Treat the captives well, and care for them.
All the soldiers taken must be cared for with magnanimitty and sincerity so that they may be used by us.
This is called ‘winning a battle and becoming stronger.’
Hence what is essential in war is victory, not prolonged operations. . .
– The Art of War
Military contractors do not seek victory, but, “prolonged operations.”
Instead of breaking minds and bodies in order to win hearts and minds, maybe we should have read more history.
I have recently read Sun Tzu’s “The Art of War”. Although this book was written over 2300 years ago and in a time before drone missiles, military contractors and Military Industrial Complexes, I feel that it is a good book to read for everyone who would like to learn the age old and time tested concepts of military strategy.
The best translation of “The Art of War” in my opinion is the work of Samuel B Griffith, who goes into deep historical detail in the quest of relating the times and circumstances Sun Tzu and his contemporaries lived in during the age of the Warring States in China between 450-300 B.C.
Within the many translations of Sun Tzu’s work there are many gems of wisdom, such as these.
Where the army is, prices are high; when prices rise the wealth of the people is exhausted.
Huge military contracts that are paid out of the American treasury and American tax dollars kept prices high at home and abroad, as resources that would have been sold at a lower price in America (or services, or skilled labor) can now be sold to a higher paying market abroad, whether the buyer is Bechtel, or Haliburton, or the free markets that emerge only after you have flattened the previous structure of the local competition. (Think Iraq, the day after “Shock and Awe” began)

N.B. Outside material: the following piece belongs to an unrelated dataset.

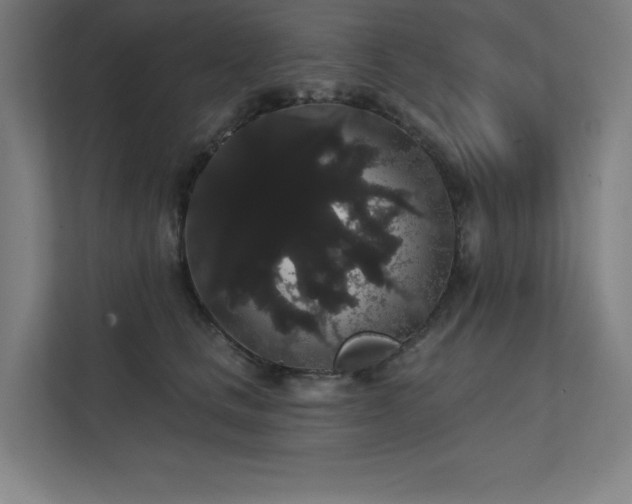 X0000112000661200908101323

When a country is impoverished by military operations it is due to distant transportation; carriage of supplies for greater distances render the people destitute.
Oil is our military. American tanks run on oil, so do planes, so do missiles, in a way.
In the time of Sun Tzu it was horse carriage and how far a man could walk.
Now we have a similar problem. We travel vast distances to engage our enemies half way around the world. This takes a great effort that comes at a great cost, to both the nation, but also the population of that nation. That means peasants like us.
We suffer, so that our national wealth can be used to fight wars.
It has become clear that we go to war not to fight true enemies. What nation could possibly fight an American force that spends more money yearly on itself than all of the other nations of the world combined No, we fight wars so we can be able to fight wars. Just as an army of scientists, scholars and historians followed the army of Alexander the Great into Asia, the American military is followed by an army of contractors, subcontractors, experts and all of the people required to feed, house, clothe and fleece them.
America fights war today foolishly. We do so with vague goals, with vague reasons to do so, and we do nothing more than claim bases where we will be attacked and where we will attack from in the future. As important as it may be to curb terrorism where we can and to protect our interests at all costs, without clear cut goals there can be no real victories, and to wage war without the ability to gain victory is worse than foolish, it is criminal.
Thus a victorious army wins it’s victories before seeking battle; an army destined to defeat fights in the hope of winning.
We wage war for money. Pure and simple. Bombs must be exploded so that bombs may be built, and the same is true for bases and drone missiles and transport vehicles and the like. We do not fight our enemies because we must, we do so because we can. That is not how to win a battle, and why should we fight at all if it is not to win?
Victory is the main object in war. If this is long delayed, weapons are blunted and morale depressed. When troops attack cities, their strength will be exhausted.
The question of our troops begin overused and often exhausted is undeniable. The same is true of our national resources, both the wealth we spend and the price we pay in our countrymen’s dearly lost blood. I believe that the leaders we lose everyday we stay at war with no clear goals or path to victory is the greatest of all losses we can suffer as a nation.
I leave you with one more quote from the venerable Sun Tzu, and one more thought before I go.
For there has never been a protracted war from which a country has benefitted.
And that is as true today as it was in 300 B.C.
If we do not fight to win, if we torture for false evidence to allow war to take place in order to profit from it, are we not destined to lose at least as much as we seem to gain, if not much more?
And if President Obama does not respect the rule of law, is he not complicit as well?